OpenAI and Broadcom debut custom AI inference chip 'Jalapeno' in nine-month design cycle
The AMW Read
The custom chip is a new product from OpenAI, a known player in the infrastructure segment, representing a meaningful update to the inference hardware landscape (novelty 2) with potential cross-segment impact on model deployment costs and stack control (significance 3).
OpenAI and Broadcom debut custom AI inference chip 'Jalapeno' in nine-month design cycle
On June 24, 2026, OpenAI and Broadcom announced the first custom-designed AI inference chip, named 'Jalapeno,' optimized for large language model inference. The chip, described as the first step in a multi-year roadmap, was designed and manufactured in just nine months using Broadcom's silicon expertise and Celestica's manufacturing capabilities. OpenAI stated that the chip is already running production inference workloads, including GPT-5.3-Codex-Spark, though specific performance and power figures were not disclosed.
Why it matters: The 'Jalapeno' chip signals a decisive move by OpenAI to vertically integrate its inference stack, reducing reliance on third-party GPU suppliers and potentially lowering inference costs significantly. This aligns with the 'hyperscaler vertical integration' pattern seen across top-tier AI labs, where control over silicon, model architecture, and runtime is consolidated to improve performance and margin. The nine-month design cycle also marks a notable acceleration in custom chip development, compressing what typically takes 18–24 months, and updates the competitive landscape for AI infrastructure players.
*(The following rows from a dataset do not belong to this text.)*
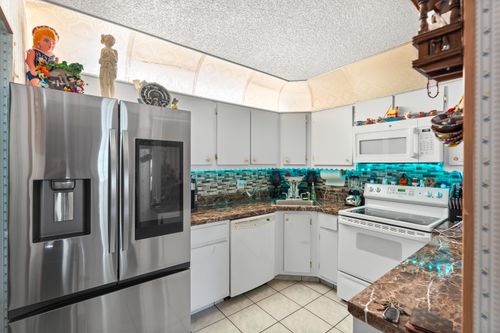 a1-4996 Sable Pine Cir, West Palm Beach, FL, 33417-3116 | Card Image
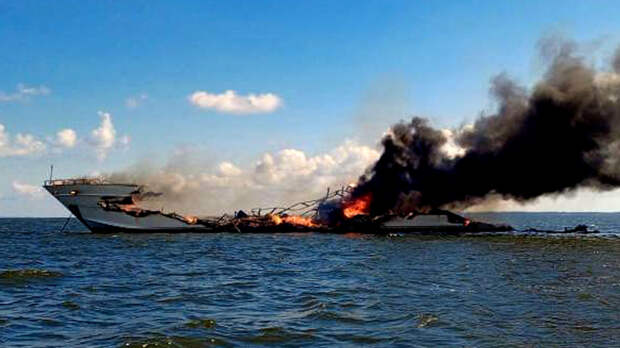 Все за борт: на Волге в Саратовской области сгорела яхта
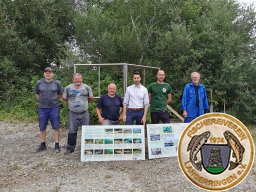 Aufstellen der Infotafel am Birkensee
Expert take: This development places OpenAI in direct competition with other AI labs and hyperscalers that have pursued custom silicon, such as Google's TPU and Anthropic's reported chip partnership. The rapid turnaround—from design to production in under a year—suggests a mature design methodology and tight collaboration between OpenAI and Broadcom. If the chip yields the claimed 'dramatic improvement' in inference efficiency, it could pressure GPU incumbents like Nvidia and accelerate the industry's shift toward purpose-built inference hardware. However, scaling production across multiple facilities and proving reliability at high volume remain open questions.